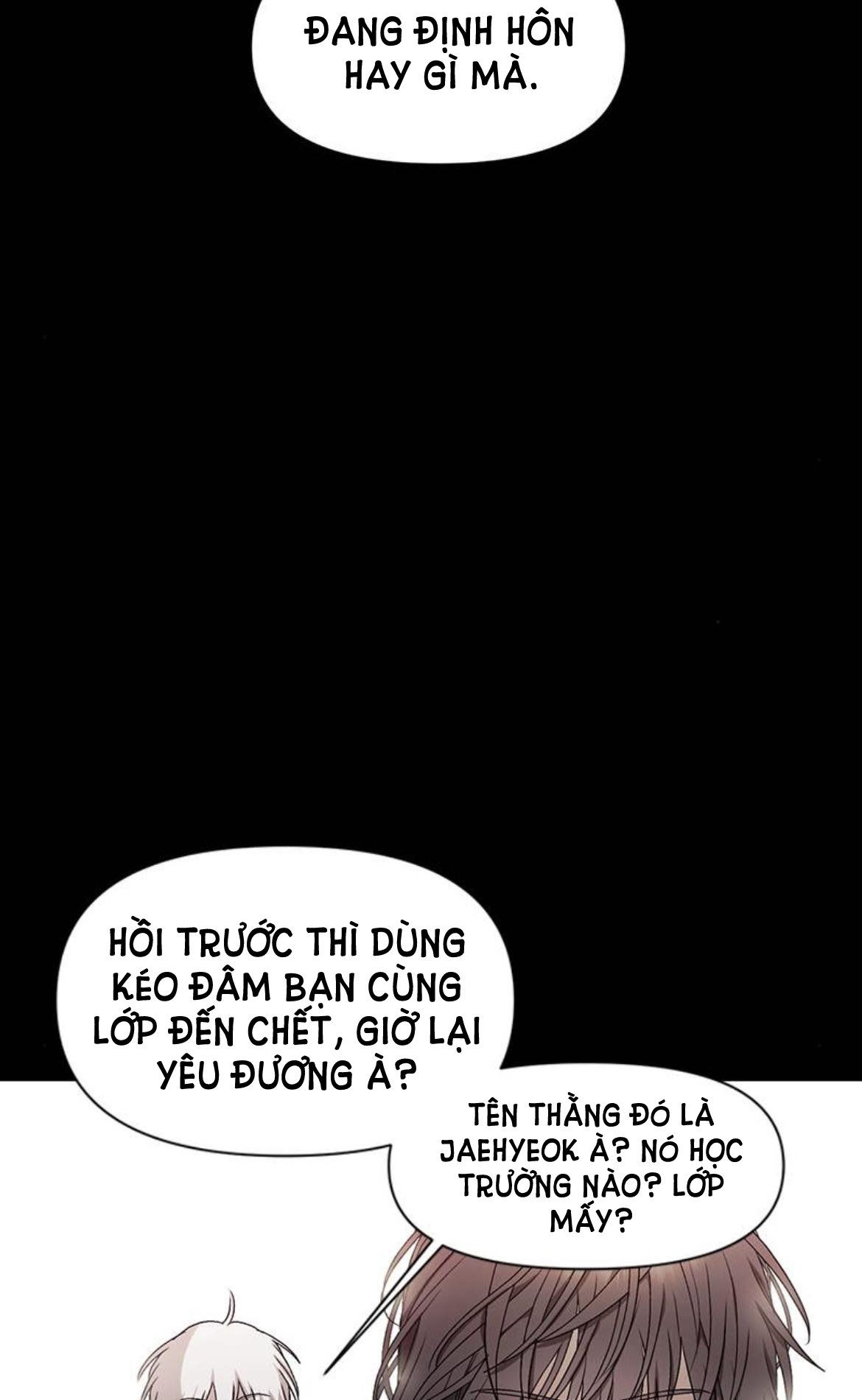 Tự Do Trong Mơ chapter 13.2 50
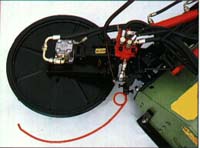 Shredder Image 10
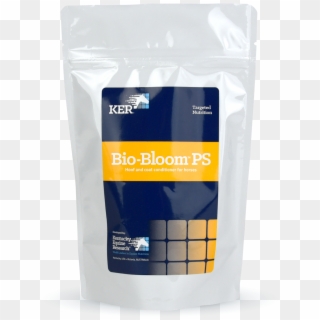 Bio-bloom Ps Hoof And Coat Supplement For Horses - Vacuum Bag Clipart
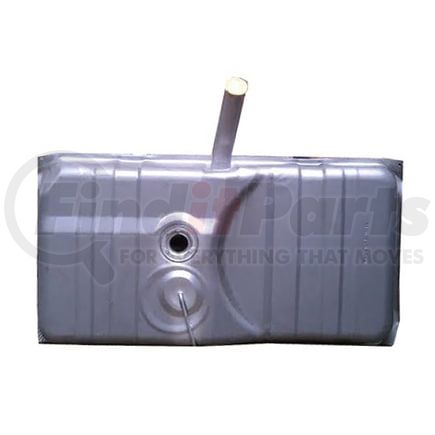 Liland Global IGM201 Fuel Tank Fuel Tank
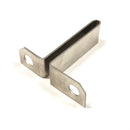 CFH45 Westinghouse Overload Heater 15.4-16.6 Amp-3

● ● ● ●

**Goal of the exercise:** Starting with the line that contains "Shredder Image 10", repeat each line exactly through the last line of the data above, and nothing more; the pictures stay out.

**The answer:**
 Shredder Image 10
 Bio-bloom Ps Hoof And Coat Supplement For Horses - Vacuum Bag Clipart
 Liland Global IGM201 Fuel Tank Fuel Tank
 CFH45 Westinghouse Overload Heater 15.4-16.6 Amp-3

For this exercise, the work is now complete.